Discussion and recommendations about good and affordable devices for smart home

Hi all,

I am newbie for smart home, and only about to plan my new upcoming smart home. I would be interested in discussions and recommendations, which devices you would recommend to get going with the smart home project?

Is it worth to invest in native smart sockets, smart lights switches etc (Schneider elecrics or ABB or such)? Or would you go with something else?

Which you think are good and affordable ones? I see that for example those SE Wiser sockets are quite expensive, so I wonder if there are other good brands that are good quality and more affordable yet are usable with OpenHab?

I look forward to discover the possibilities of smart home for now in order to make a good plan, which I hope I will be implementing in near future.

I am interested in all different areas, security, heating, electric devises themselves and electricity system itself, lights, yard appliances, car chargers and everything. I also look forward to implement some nice solar power station to power my smart home, and perhaps even a small wind station. For the heating I am planning to use geo thermal heating.

I am living in Northern Europe. However, I am also looking into some good quality products in China, if there are any you would recommend and are good to go also considering European Standards. For example for solar power systems, there seems to be a lot of providers in China. Perhaps some good some bad.

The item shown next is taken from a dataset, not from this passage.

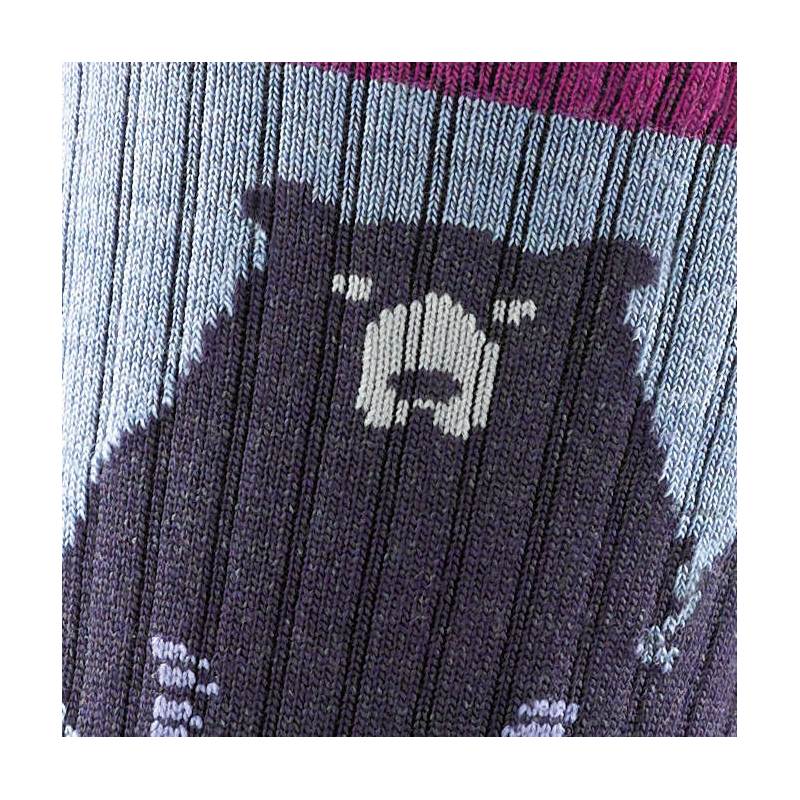 Darn Tough Womens Lightweight Bear Town Micro Crew Cushion Socks-2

Sonoff, tuya, xiaomi, aqara, ikea, Shelly, are some frequent vendors of smart devices that you’ll find.
Sonoff because they are easily flashed with tasmota, and tasmota has MQTT support which openHAB can easily use.
tuya because they are cheap and frequently have zigbee which can also be added to openHAB.
Xiaomi aqara and ikea zigbee devices are frequently compatible with each other.

Hope this gives you some guidance!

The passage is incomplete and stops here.